Jean-Luc Picard is Star Trek's patron saint, with minor flaws that only serve to make space heroes cooler space heroes: masculine isolation, trauma from that badass adventure, and dislike of children. Certainly, let's make a show about him!
But, after two seasons of Picard, the luster has worn off. Picard has followed a pattern of starting strong and fizzling explosively to nothing by the end of the story so closely that an obvious final-season concept — Next Generation cast reunion! — feels like a desperate last-ditch attempt to be remembered fondly.
Nonetheless, in this season's third episode, “Seventeen Seconds,” Picard hints at the series' future. Picard season 3 is about remembering all of 1990s Trek, not just Admiral Jean-Luc Picard, and it just might be the show's saving grace.
Picard has used elements from Star Trek: Voyager since its first season, most notably Jeri Ryan's former Borg drone Seven of Nine, the only other known person to survive assimilation into the Borg collective. For decades, Star Trek fans had speculated about this connection.
With “Seventeen Seconds,” Picard reintroduced Klingon officer Worf. Worf, after all, had a significant life as a character after The Next Generation, becoming more central to Star Trek canon in Star Trek: Deep Space Nine than he was on TNG: a major player in the Federation's war against the Founders' forces, and a step away from becoming the undisputed ruler of the Klingon empire.

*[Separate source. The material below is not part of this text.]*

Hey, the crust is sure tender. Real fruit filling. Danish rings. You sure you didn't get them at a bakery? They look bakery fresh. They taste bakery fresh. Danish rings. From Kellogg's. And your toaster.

In episode 3 of Picard Season 3, Worf and his Starfleet intelligence officer Raffi interrogate a prisoner responsible for a recent explosion, the prisoner becomes increasingly agitated, both mentally and physically.
Raffi assumes he is in drug withdrawal, but Worf calmly asks him when he last communed with the Great Link. He casually mentions Odo, the shapeshifting constable of Federation space station Deep Space 9.

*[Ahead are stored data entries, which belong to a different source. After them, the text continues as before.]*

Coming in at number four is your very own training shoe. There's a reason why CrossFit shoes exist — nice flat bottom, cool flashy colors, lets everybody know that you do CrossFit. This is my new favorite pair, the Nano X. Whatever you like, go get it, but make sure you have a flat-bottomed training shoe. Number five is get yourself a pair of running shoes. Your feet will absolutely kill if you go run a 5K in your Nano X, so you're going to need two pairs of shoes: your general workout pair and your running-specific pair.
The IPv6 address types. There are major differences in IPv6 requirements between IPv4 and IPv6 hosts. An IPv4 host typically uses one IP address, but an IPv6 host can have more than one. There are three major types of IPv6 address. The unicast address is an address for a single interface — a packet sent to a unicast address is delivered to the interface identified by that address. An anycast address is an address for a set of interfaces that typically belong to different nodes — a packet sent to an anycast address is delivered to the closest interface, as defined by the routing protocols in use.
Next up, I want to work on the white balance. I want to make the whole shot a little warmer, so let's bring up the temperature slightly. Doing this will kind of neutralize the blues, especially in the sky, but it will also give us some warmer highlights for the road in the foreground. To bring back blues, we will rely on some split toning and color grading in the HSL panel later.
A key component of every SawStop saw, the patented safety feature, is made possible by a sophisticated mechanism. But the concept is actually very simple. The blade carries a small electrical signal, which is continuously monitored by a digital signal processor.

Reader, I must confess that I gasped. Picard's main antagonists appear to be the same as those in 1993's Star Trek: Deep Space Nine: the shapeshifting Founders, or Changelings, who were all involved in the Dominion War.

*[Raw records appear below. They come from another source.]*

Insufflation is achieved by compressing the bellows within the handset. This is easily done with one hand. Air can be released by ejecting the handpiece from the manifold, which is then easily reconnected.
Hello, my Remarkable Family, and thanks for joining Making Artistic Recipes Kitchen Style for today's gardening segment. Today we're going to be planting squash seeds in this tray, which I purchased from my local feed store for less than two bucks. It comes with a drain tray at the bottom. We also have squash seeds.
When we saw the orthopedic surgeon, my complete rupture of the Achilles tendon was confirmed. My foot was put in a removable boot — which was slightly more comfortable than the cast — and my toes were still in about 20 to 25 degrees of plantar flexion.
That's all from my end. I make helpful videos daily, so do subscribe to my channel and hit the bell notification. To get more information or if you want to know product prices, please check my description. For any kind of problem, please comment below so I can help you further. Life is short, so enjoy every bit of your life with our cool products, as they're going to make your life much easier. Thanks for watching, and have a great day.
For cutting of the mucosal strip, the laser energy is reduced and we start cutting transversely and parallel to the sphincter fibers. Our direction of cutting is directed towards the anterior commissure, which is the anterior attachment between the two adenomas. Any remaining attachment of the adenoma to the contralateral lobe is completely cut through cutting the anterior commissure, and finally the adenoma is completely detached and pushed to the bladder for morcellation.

Only People From the 1990s Know This!
In Star Trek: Deep Space 9, Constable Odo is a member of the Changling race. Captain Sisko on one side and a Starfleet admiral on the other flank him.
This move will be particularly appealing to fans of the at-the-time experimental and least beloved Trek series, which is now regarded as an early forerunner of the era of prestige television, thanks to its long-term character development and season-long story arcs.
Unfortunately, DS9 is still groundbreaking in the way it centered a Black family in sci-fi television. Picard, however, highlights a radical sea change for the franchise by bringing the full trinity of '90s Trek together in one show.
While the stories and characters of Voyager and Deep Space 9 were continued through theatrical films after the series conclusion, the stories and characters of Next Generation were not.
For the past two decades, the Star Trek franchise's attempts to maintain cultural relevance have been concerned with resurrecting the oldest of its parts — and not just in the Abrams/Kelvin film franchise, which in 2009 attempted to retell the greatest hits of a 1966 TV series.
Both 2001's Star Trek: Enterprise and 2017's Star Trek: Discovery transported viewers back in time to a time when Vulcans were exotic and Klingons were mortal enemies.